The 2013-2014 compliance period for California and Quebec’s linked markets ends on Nov. 1, obliging industrial plants and power stations to surrender allowances covering all their 2014 emissions and 70% of their 2013 emissions. They were required to hand in permits covering the first 30% a year ago.
“We forecast the market will be long by 14 million tons in 2014, and cumulatively 33 million tons long for the first compliance period,” said Thomson Reuters Point Carbon analyst Olga Chistyakova.
California capped emissions at 160 million tonnes in 2013 and 157 million in 2014, while Quebec’s limit was set at 23.2 million in both years.
Point Carbon estimates California’s surplus over the two years will be about 25 million tonnes, with Quebec accounting for the remainder.
Climate Connect analyst Steven Neoh estimated the allowance surplus would be around 30 million tonnes, plus the number of offset used.
“The 2014 surplus will be slightly smaller than in 2013, mainly because the cap is lower,” Neoh added.
Installations may only use permits issued in 2013 and 2014 for compliance in the first phase.

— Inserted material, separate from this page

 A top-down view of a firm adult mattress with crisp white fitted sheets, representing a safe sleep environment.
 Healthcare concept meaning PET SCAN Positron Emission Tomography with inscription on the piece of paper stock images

Prices for those vintages closed Thursday at $12.89 and $12.87 respectively amid virtually no trade on ICE.
Dec-2015 CCAs barely moved throughout the week, with total volume of less than 1 million tonnes, compared with more than 4.5 million last week.
As of Oct. 5, covered installations had already placed more than 167 million allowances for 2013 and 2014 in their compliance accounts.
“The market doesn’t expect any surprises when the data comes out,” one New York-based broker said.
“We’ve seen a gradual increase in prices, which suggests things are going as planned.”
HIGHER OFFSET USE
Offset use is likely to increase significantly compared to last year, the analysts said.
To date, California’s Air Resources Board (ARB), the market’s regulator, has issued around 30 million offsets, with the state’s 8% annual offset usage limit translating to around 25 million over the 2013-2014 period.
“This year I expect there are going to be more tonnes (surrendered) because more have been issued,” Chistyakova said. “I expect most of those (issued) credits, minus the few million surrendered last year, will be surrendered next week for compliance.”
However, Neoh said he believes that “a lot” of offsets have been bought by wholesalers, who may wait for prices to rise rather than let those units be surrendered.
So-called “golden” offsets, which have completed their invalidation period, have traded within 85 cents of Dec-15 CCAs in the over-the-counter market, reflecting the overall offset shortage, he added.
“It remains to be seen if the discussions at ARB about bringing in new supply for 2018 might tempt aggregators to sell,” Neoh said, referring to a proposal by the regulator to allow the use of international sector-based offsets later this decade.
“I don’t think you’ll see 100% of (issued) offsets used (next week), but equally you won’t see 15 million offsets carried over.”
The WCI cap will approximately double in size from this year as the transportation and retail natural gas sectors are brought under the programme’s scope.
All covered installations will face their first 2015 compliance deadline in November 2016, when they’ll need to surrender against 30% of this year’s emissions.
The inclusion of the sectors boosted trading activity, particularly in Q1, as the new participants entered the scheme with no allowances and sought to quickly build up their holdings, Chistyakova said.
“There’s definitely more volume on ICE, more block trades, so it’s probably a combination of the large industrials and some speculative trades by intermediaries,” she added.
“The volume is greater in the secondary market and the auctions are all clearing above the price floor, even though the market is long.”